Hearing: 22, 23 March 1973 Judgment: 2 October 1973
- Full case name: Irene Florence Murdoch v James Alexander Murdoch
- Citations: [1975] 1 S.C.R. 423
- Ruling: Application for division of matrimonial property under trust law dismissed.

Holding
- No intention to create a trust in favour of the wife, who did not contribute to the finances in a way other than what was common for a ranch wife.

Court membership
- Chief Justice: Gérald Fauteux Puisne Justices: Douglas Abbott, Ronald Martland, Wilfred Judson, Roland Ritchie, Emmett Hall, Wishart Spence, Louis-Philippe Pigeon, Bora Laskin

Reasons given
- Majority: Ronald Martland, joined by Wilfred Judson, Roland Ritchie, Wishart Spence
- Dissent: Bora Laskin
- Chief Justice Fauteux and Justices Abbott, Hall, and Pigeon took no part in the consideration or decision of the case.

= Murdoch v Murdoch =

Murdoch v Murdoch, also known as the Murdoch Case, was a controversial family law decision by the Supreme Court of Canada where the Court denied an abused ranch wife any interest in the family ranch. This case is most notable for the public outcry it created at the time and for what many believe is Justice Laskin's most famous dissenting opinion.

Irene Murdoch, the wife of an Albertan rancher, submitted a claim for half the interest in the family ranch that was registered under the husband's name. The question put before the Court was whether there was an implied trust on behalf of the wife for all her years of labour on the ranch.

In a 4-1 decision, a majority of the Court dismissed the wife's application. Speaking for the majority, Justice Martland upheld the trial judge's finding that the wife's labour was not beyond what was normally expected of a ranch wife. Martland J. held that since there was no financial contribution nor intention to create a trust, there could be no resulting trust, relying on a similar English case, Gissing v. Gissing.

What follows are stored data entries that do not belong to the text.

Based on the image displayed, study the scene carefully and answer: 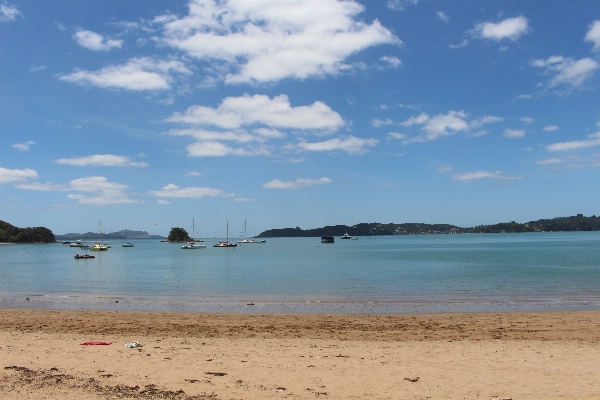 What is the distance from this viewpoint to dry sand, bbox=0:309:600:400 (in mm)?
8484

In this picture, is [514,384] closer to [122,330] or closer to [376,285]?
[122,330]

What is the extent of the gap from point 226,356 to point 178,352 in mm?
1383

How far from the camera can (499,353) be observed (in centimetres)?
1176

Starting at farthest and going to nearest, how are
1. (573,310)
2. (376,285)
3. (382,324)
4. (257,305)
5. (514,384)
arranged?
(376,285) → (257,305) → (573,310) → (382,324) → (514,384)

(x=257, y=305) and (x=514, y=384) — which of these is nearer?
(x=514, y=384)

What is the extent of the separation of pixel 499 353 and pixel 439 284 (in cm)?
2355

In dissent, Laskin J. argued that the Court did not need to examine intent in order to find a trust; rather a constructive trust based in equity could be found.

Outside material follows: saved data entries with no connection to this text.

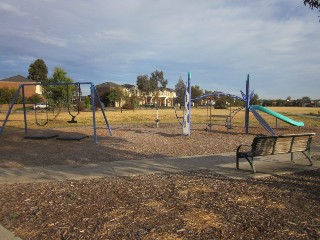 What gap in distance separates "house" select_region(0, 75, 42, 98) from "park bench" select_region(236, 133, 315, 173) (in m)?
77.7

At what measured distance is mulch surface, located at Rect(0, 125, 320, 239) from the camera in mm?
3893

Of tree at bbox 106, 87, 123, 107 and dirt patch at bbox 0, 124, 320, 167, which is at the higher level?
tree at bbox 106, 87, 123, 107

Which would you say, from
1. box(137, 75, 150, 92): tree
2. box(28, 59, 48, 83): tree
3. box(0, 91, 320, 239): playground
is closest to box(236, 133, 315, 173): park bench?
box(0, 91, 320, 239): playground

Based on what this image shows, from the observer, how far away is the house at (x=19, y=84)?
79.2 m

Laskin's dissent proved to be among his most famous. Many scholars, himself included, believed that his dissent was a major factor in his unexpected promotion to Chief Justice in December 1973.

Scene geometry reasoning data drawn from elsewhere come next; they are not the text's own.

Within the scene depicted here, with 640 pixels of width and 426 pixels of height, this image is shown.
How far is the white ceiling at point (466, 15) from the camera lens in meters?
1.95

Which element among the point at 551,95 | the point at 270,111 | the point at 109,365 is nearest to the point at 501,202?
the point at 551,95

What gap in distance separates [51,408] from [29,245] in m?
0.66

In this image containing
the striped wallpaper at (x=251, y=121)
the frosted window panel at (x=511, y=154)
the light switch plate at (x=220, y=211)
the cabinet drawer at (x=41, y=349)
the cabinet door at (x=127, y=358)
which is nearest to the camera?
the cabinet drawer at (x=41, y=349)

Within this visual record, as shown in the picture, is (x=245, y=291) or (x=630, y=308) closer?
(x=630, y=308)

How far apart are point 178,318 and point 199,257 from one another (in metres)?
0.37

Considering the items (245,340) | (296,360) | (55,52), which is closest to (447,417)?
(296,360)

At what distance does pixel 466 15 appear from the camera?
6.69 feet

Canadian feminists publicized the case across the country. The outcry against the decision contributed to substantial reforms to matrimonial property laws across the country, giving husbands and wives equal rights to property acquired during the course of the marriage.

Following the Supreme Court decision, Irene Murdoch started a new proceeding, a petition for divorce. In the divorce proceedings, she was found to be entitled to a lump-sum award of $65,000 from James Murdoch, in place of monthly spousal maintenance.